### Problem description
Return only the line containing "emmocean pornstar sexy pictures" and each line after it, exactly as written, through the end of the records.

### Task data
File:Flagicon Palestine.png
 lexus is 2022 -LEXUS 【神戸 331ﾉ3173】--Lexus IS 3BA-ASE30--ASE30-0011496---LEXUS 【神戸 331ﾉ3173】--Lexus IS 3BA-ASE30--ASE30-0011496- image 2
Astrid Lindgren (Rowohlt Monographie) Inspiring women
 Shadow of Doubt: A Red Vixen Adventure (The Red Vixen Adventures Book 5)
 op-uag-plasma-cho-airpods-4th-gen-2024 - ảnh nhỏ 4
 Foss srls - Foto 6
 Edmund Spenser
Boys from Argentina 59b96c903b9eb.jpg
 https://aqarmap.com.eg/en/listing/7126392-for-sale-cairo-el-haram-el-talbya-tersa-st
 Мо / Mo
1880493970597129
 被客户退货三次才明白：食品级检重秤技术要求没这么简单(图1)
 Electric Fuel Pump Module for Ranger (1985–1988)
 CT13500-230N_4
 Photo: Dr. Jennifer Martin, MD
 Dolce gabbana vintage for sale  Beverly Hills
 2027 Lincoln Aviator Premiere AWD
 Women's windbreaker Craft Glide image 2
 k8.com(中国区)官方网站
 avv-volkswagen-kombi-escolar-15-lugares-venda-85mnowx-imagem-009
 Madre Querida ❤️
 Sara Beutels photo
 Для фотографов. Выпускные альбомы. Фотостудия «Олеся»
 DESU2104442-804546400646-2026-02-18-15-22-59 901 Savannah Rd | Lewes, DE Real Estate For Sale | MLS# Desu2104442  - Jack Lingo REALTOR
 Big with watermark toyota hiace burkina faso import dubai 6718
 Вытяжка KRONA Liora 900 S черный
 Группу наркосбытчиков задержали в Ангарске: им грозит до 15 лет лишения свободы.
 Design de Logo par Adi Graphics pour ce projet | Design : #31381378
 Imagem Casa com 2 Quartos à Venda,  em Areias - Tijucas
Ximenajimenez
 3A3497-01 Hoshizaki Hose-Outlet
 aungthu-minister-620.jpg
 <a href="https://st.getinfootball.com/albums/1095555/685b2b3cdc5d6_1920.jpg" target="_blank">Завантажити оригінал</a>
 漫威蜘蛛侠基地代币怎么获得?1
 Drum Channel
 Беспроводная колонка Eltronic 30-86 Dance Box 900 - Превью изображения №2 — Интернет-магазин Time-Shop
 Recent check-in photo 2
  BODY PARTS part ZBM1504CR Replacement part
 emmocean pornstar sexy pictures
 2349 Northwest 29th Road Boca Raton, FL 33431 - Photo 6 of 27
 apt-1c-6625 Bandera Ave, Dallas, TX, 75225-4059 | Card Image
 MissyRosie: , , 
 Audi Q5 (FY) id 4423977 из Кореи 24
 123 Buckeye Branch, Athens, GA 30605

### Exercise response
 emmocean pornstar sexy pictures
 2349 Northwest 29th Road Boca Raton, FL 33431 - Photo 6 of 27
 apt-1c-6625 Bandera Ave, Dallas, TX, 75225-4059 | Card Image
 MissyRosie: , , 
 Audi Q5 (FY) id 4423977 из Кореи 24
 123 Buckeye Branch, Athens, GA 30605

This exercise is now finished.